CAPTCHA signifie Completely Automated Public Turing test to tell Computers and Humans Apart (test de Turing public complètement automatisé permettant de différencier un utilisateur humain d'un ordinateur).

Politiques de mots de passe. Les recommandations ont évolué. Aujourd’hui, le NIST (SP 800-63B) préconise notamment…

  • Des mots de passe longs plutôt que complexes puisqu’il y plus de combinaisons possibles.

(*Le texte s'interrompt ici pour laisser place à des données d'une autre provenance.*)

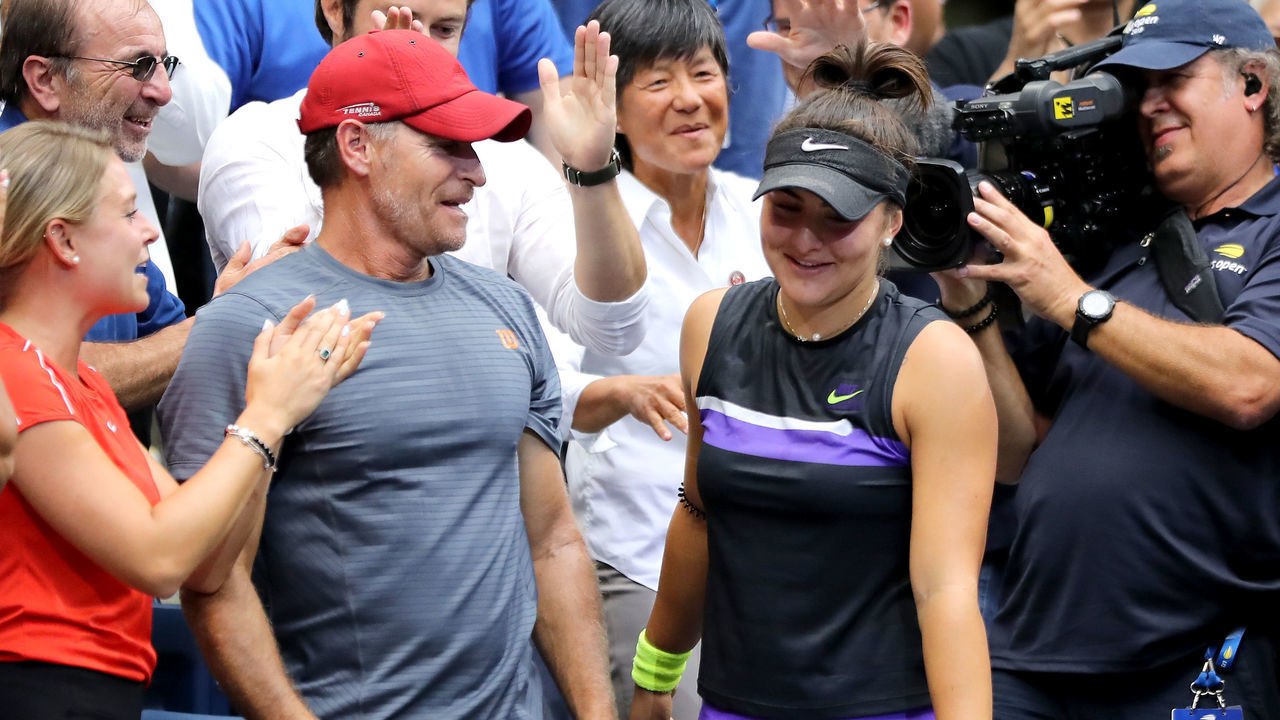 NEW YORK, NEW YORK - SEPTEMBER 07: Bianca Andreescu of Canada celebrates with coach Sylvain Bruneau after winning the Women's Singles final against Serena Williams of the United States on day thirteen of the 2019 US Open at the USTA Billie Jean King National Tennis Center on September 07, 2019 in the Queens borough of New York City.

  • Des phrases de passe, qui sont une application concrète du point précédent (phrase dont les mots sont séparés, par exemple par un signe de ponctuation).

  • Pas de rotation forcée sans raison. Changer régulièrement de mot de passe n’offre aucune protection supplémentaire face à la force brute (sauf bien sûr s'il y a eu une compromission).

  • Le blocage des mots de passe compromis. Aujourd’hui, on dispose de bases de données massives issues de fuites connues. Ainsi, dès sa création, un mot de passe déjà connu des attaquants peut être bloqué (réduction du risque de credential stuffing).

  • La limitation du nombre de tentatives est une mesure simple et efficace pour ralentir les attaques automatisées, rendre la force brute économiquement non rentable et donner le temps aux systèmes de détection d’agir. Mais attention, un verrouillage trop strict peut être utilisé pour provoquer des dénis de service !

L’objectif est d’augmenter le coût de l’attaque sans rendre la vie impossible aux utilisateurs.